SAN FRANCISCO (CN) – California Supreme Court Justice Kathryn Mickle Werdegar, who has served on the high court’s bench for more than two decades, says she will retire at the end of August.
“It has been a great privilege and honor to serve the people of California as an associate justice of the California Supreme Court for 23 years,” Werdegar said in a statement. “During that time, I have had the privilege of serving with three outstanding chief justices and many wonderful colleagues, and the opportunity to address some of the state’s most challenging issues. But, it is time for someone else to have that privilege and opportunity. I wish my colleagues, the governor, and my successor well.”
Werdegar will be 81 when she steps down, marking the end of a long-running legal career that began with U.S. Department of Justice’s civil rights division in 1962.
Born in San Francisco in 1936, Werdegar received her bachelor’s degree from the University of California, Berkeley. She then graduated at the top of her class from George Washington University Law School.
After her job with the Justice Department, Werdegar returned to California and taught at the University of San Francisco School of Law, where she was also an associate dean.
She also worked as a senior staff attorney at the state’s First Appellate District and was senior staff attorney to California Supreme Court Associate Justice Edward Panelli.

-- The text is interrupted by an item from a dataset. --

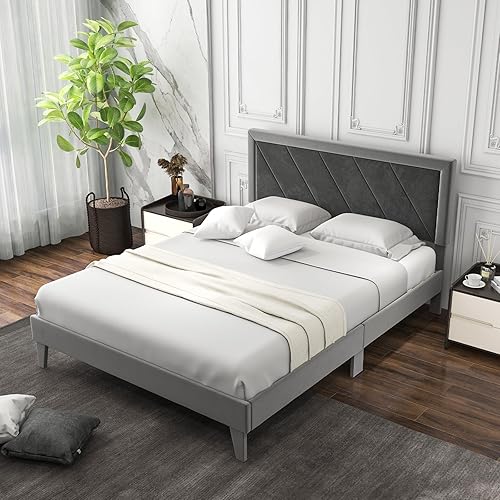 Miniatura 8 de Giantex Base de cama de terciopelo tamaño Queen con cabecero, moderna plataforma tapizada, base de colchón con 12 listones de madera fuertes, no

Gov. Pete Wilson nominated Werdegar to replace Panelli in 1994.
In a statement, Wilson said, “I am sure that Justice Werdegar’s colleagues on the high court, past and present, regard her with great affection and great respect as a conscientious and collegial member of the court.”
He added, “She will be missed and remembered by California’s legal community for her lucid and highly articulate opinions.”
While Werdegar has been described as a moderate jurist, her opinions were also known to swing left, particularly on civil rights issues. In 1996, she wrote the majority opinion in Smith v. Fair Employment and Housing Commission, holding that a landlord couldn’t refuse to rent to unmarried couples based on her religious belief that it was sinful to do so.
In 2006, Werdegar wrote the unanimous court’s opinion in Evans v. City of Berkeley, ruling that the city could withhold free marina berths from the Berkley Sea Scouts, a group affiliated with the Boy Scouts of America, because it excluded atheists and gay men from membership.
Werdegar also joined the 4-3 majority that struck down California’s same-sex marriage ban in 2008, although voters annulled the ruling by passing Proposition 8 that same year.
Chief Justice Tani Cantil-Sakauye said in a statement Wednesday that Werdegar will be missed.
“Her service to the public has been invaluable. She has written many excellent court opinions under three chief justices, and has contributed to our collegial court ethos,” Cantil-Sakauye said. “We will miss her and wish her well in the next chapter to come.”